2009

Author(s): Freeman J, Guzman A

The climate change debate in the United States has now moved beyond arguments about whether climate change is real and man-made to focus on what the country should do about the threat. This Essay takes on and debunks the "climate change winner" argument. That argument asserts that the United States is likely to fare well in a warmer world, at least compared to most other states, and therefore should invest less, rather than more, in mitigation efforts. We explain that existing estimates of the impact of climate change on the United. States systematically understate the likely economic impact of climate change, and we provide rough estimates of what a more complete accounting would reveal. Existing estimates fail to account for a variety of the costs that climate change will impose, and ignore the ways in which climate change impacts abroad are likely to spill over into the United States. By looking more carefully at these omitted costs, this Essay shows that the United States, acting in its own self-interest, should try to combat climate change. A more complete accounting of the costs reveals that the United States would be better off paying the full cost of climate change mitigation (if doing so were possible) rather than allowing the world to continue in a "business as usual "fashion.
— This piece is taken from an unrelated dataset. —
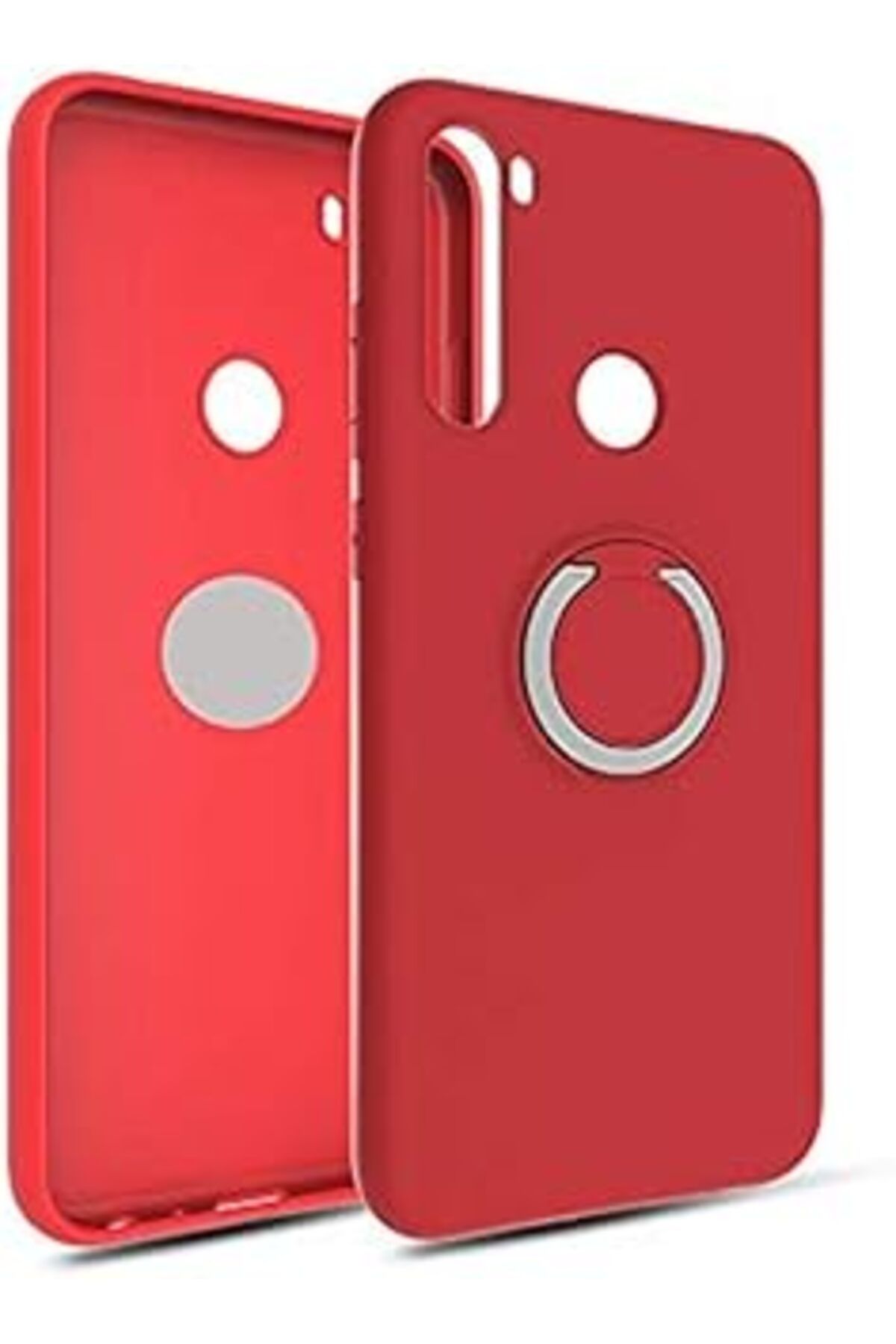 ebadi Kny Redmi Note 8T İÇin Kılıf, Ultra İNce Yüzüklü Manyetik Plex, Silikon, Kırmızı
This conclusion is even stronger if Europe and perhaps the rest of the Organisation for Economic Co-operation and Development (OECD) are assumed to shoulder some of the costs. The point is not that the United States or the OECD should actually bear these costs alone, or even that it would. be possible to do so, but rather that there is a strong case for action by the United States even if some countries refuse to cooperate. This Essay shows that the United States has reason to take prompt and aggressive action to address climate change, not out of benevolence or guilt, but out of self-interest.